» Supplied records:

======

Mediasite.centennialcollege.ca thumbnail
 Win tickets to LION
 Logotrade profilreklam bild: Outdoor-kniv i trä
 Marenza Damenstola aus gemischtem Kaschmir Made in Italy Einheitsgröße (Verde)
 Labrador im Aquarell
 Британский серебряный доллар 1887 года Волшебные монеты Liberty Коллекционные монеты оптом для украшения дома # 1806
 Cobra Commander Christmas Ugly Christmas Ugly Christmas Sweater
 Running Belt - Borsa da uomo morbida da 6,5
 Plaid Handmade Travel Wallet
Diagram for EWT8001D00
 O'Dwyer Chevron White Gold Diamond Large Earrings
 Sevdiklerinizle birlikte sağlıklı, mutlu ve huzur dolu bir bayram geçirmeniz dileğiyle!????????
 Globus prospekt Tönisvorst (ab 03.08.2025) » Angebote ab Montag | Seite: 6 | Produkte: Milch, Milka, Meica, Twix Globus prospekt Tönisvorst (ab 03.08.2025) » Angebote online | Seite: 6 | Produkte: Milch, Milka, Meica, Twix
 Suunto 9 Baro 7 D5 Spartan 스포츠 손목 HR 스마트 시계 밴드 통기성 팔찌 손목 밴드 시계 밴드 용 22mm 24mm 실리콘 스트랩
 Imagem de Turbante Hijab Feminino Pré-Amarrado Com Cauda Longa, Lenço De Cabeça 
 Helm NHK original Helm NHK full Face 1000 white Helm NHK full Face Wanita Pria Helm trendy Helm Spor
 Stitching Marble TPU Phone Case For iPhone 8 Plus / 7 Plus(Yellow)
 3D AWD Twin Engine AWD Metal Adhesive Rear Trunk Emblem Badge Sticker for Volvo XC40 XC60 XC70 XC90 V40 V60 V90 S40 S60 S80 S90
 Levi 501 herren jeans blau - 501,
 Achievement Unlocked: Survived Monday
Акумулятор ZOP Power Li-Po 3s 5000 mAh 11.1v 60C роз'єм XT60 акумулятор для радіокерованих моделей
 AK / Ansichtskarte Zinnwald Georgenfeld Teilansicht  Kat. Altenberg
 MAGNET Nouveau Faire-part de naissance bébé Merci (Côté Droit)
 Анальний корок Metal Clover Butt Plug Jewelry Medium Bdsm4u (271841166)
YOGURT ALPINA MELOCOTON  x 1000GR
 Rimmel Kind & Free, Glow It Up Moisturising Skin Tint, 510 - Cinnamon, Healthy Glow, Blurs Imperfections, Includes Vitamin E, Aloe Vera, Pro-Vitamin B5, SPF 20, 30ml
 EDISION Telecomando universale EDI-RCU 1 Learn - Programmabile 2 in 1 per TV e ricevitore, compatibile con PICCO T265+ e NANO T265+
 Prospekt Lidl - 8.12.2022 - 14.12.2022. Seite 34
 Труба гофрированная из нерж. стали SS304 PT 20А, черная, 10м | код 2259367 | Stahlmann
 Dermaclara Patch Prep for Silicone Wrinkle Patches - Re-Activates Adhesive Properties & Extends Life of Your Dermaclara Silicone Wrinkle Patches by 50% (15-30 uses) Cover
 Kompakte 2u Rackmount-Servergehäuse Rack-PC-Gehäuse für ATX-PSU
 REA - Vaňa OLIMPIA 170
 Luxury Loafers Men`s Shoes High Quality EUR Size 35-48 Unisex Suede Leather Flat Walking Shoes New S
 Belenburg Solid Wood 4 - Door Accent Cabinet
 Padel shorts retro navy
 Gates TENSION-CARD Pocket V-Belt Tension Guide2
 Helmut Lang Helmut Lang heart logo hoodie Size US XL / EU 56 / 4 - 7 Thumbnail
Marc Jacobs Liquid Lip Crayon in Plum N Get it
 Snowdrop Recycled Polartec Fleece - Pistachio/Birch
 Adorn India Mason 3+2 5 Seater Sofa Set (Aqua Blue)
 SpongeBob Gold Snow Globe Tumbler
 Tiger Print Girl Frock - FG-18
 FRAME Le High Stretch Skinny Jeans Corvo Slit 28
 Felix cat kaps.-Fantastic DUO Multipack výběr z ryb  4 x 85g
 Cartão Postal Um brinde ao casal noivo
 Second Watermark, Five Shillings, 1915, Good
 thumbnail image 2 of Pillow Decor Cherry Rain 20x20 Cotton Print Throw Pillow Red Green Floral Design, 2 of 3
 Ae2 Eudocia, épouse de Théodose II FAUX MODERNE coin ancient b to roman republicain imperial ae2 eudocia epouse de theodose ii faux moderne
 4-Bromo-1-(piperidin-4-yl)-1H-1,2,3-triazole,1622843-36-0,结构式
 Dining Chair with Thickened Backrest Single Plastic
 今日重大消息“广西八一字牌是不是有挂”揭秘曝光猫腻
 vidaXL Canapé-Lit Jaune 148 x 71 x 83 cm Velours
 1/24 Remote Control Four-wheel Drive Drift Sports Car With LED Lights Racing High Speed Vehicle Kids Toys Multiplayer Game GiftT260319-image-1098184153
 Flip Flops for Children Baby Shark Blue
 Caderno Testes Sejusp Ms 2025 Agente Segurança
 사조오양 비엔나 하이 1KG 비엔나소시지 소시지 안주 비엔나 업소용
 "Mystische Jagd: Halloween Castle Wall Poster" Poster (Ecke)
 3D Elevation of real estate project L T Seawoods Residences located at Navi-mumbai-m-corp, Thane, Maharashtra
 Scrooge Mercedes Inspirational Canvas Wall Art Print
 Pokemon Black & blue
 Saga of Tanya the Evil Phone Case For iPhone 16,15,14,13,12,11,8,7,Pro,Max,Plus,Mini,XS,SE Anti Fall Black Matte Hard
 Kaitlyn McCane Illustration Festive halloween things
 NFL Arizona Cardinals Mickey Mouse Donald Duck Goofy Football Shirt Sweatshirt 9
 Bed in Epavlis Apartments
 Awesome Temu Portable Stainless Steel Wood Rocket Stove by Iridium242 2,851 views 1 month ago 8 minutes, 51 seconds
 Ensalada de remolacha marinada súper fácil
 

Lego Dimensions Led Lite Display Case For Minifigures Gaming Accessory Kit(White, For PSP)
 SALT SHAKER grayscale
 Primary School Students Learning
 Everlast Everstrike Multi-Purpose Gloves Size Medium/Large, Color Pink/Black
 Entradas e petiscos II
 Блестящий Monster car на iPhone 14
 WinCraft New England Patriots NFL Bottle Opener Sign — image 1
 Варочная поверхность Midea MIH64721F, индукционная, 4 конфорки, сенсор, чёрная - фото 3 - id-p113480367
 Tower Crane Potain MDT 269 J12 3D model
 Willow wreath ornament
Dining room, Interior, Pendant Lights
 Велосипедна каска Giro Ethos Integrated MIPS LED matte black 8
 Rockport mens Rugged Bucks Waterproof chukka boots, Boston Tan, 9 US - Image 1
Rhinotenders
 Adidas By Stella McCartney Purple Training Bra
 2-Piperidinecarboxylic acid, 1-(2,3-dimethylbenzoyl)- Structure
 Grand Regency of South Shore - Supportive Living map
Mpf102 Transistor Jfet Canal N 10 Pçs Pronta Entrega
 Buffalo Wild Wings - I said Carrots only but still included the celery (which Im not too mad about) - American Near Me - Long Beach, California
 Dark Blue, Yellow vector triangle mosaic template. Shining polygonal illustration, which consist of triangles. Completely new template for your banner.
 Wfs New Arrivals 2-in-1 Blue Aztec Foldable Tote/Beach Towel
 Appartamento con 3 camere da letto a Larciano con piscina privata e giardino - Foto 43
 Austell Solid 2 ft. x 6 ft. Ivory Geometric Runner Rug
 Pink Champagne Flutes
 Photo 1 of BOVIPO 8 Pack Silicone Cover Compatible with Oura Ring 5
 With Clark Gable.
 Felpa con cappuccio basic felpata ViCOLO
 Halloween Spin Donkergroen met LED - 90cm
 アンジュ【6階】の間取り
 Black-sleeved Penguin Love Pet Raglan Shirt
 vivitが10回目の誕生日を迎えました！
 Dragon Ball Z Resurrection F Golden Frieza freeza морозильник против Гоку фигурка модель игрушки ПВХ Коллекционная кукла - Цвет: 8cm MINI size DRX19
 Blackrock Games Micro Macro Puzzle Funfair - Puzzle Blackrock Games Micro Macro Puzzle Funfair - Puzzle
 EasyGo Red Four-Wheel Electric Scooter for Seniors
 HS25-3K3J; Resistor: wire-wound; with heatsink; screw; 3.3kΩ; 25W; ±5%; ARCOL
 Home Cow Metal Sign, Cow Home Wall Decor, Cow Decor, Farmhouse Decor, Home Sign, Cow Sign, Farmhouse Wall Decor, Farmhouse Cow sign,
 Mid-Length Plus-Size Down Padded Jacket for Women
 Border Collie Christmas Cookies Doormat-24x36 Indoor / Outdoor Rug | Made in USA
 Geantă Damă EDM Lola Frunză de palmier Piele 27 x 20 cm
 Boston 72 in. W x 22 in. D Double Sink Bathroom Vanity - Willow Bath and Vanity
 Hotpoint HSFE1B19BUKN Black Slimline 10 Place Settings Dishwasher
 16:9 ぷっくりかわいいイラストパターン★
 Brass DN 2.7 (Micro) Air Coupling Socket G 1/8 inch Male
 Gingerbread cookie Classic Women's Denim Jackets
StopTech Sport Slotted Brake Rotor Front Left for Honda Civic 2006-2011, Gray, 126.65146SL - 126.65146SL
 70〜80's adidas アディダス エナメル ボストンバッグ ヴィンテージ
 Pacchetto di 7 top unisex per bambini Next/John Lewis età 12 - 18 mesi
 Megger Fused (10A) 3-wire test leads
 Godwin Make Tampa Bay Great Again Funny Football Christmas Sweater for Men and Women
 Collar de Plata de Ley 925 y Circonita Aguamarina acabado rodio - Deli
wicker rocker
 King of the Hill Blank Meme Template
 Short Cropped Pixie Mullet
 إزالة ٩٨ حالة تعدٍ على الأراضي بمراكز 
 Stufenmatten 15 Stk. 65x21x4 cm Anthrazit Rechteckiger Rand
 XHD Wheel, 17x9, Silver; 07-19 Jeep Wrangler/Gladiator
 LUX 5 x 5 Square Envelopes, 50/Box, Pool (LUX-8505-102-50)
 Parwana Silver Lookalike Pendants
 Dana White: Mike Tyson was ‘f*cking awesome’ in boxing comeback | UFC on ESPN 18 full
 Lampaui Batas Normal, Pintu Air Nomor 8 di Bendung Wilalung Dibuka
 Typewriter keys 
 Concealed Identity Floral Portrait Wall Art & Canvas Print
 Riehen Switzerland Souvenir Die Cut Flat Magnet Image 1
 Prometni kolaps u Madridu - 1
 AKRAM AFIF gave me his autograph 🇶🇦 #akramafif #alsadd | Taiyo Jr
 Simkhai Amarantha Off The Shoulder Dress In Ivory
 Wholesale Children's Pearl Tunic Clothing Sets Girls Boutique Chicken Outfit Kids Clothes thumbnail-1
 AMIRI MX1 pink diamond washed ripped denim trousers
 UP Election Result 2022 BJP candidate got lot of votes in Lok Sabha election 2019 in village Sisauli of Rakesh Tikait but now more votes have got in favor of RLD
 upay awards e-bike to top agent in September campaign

======

» Action item: Output only an exact transcription of the lines above from the one with "Felpa con cappuccio basic felpata ViCOLO" up to and including the one with "Typewriter keys".

» Response:
 Felpa con cappuccio basic felpata ViCOLO
 Halloween Spin Donkergroen met LED - 90cm
 アンジュ【6階】の間取り
 Black-sleeved Penguin Love Pet Raglan Shirt
 vivitが10回目の誕生日を迎えました！
 Dragon Ball Z Resurrection F Golden Frieza freeza морозильник против Гоку фигурка модель игрушки ПВХ Коллекционная кукла - Цвет: 8cm MINI size DRX19
 Blackrock Games Micro Macro Puzzle Funfair - Puzzle Blackrock Games Micro Macro Puzzle Funfair - Puzzle
 EasyGo Red Four-Wheel Electric Scooter for Seniors
 HS25-3K3J; Resistor: wire-wound; with heatsink; screw; 3.3kΩ; 25W; ±5%; ARCOL
 Home Cow Metal Sign, Cow Home Wall Decor, Cow Decor, Farmhouse Decor, Home Sign, Cow Sign, Farmhouse Wall Decor, Farmhouse Cow sign,
 Mid-Length Plus-Size Down Padded Jacket for Women
 Border Collie Christmas Cookies Doormat-24x36 Indoor / Outdoor Rug | Made in USA
 Geantă Damă EDM Lola Frunză de palmier Piele 27 x 20 cm
 Boston 72 in. W x 22 in. D Double Sink Bathroom Vanity - Willow Bath and Vanity
 Hotpoint HSFE1B19BUKN Black Slimline 10 Place Settings Dishwasher
 16:9 ぷっくりかわいいイラストパターン★
 Brass DN 2.7 (Micro) Air Coupling Socket G 1/8 inch Male
 Gingerbread cookie Classic Women's Denim Jackets
StopTech Sport Slotted Brake Rotor Front Left for Honda Civic 2006-2011, Gray, 126.65146SL - 126.65146SL
 70〜80's adidas アディダス エナメル ボストンバッグ ヴィンテージ
 Pacchetto di 7 top unisex per bambini Next/John Lewis età 12 - 18 mesi
 Megger Fused (10A) 3-wire test leads
 Godwin Make Tampa Bay Great Again Funny Football Christmas Sweater for Men and Women
 Collar de Plata de Ley 925 y Circonita Aguamarina acabado rodio - Deli
wicker rocker
 King of the Hill Blank Meme Template
 Short Cropped Pixie Mullet
 إزالة ٩٨ حالة تعدٍ على الأراضي بمراكز 
 Stufenmatten 15 Stk. 65x21x4 cm Anthrazit Rechteckiger Rand
 XHD Wheel, 17x9, Silver; 07-19 Jeep Wrangler/Gladiator
 LUX 5 x 5 Square Envelopes, 50/Box, Pool (LUX-8505-102-50)
 Parwana Silver Lookalike Pendants
 Dana White: Mike Tyson was ‘f*cking awesome’ in boxing comeback | UFC on ESPN 18 full
 Lampaui Batas Normal, Pintu Air Nomor 8 di Bendung Wilalung Dibuka
 Typewriter keys 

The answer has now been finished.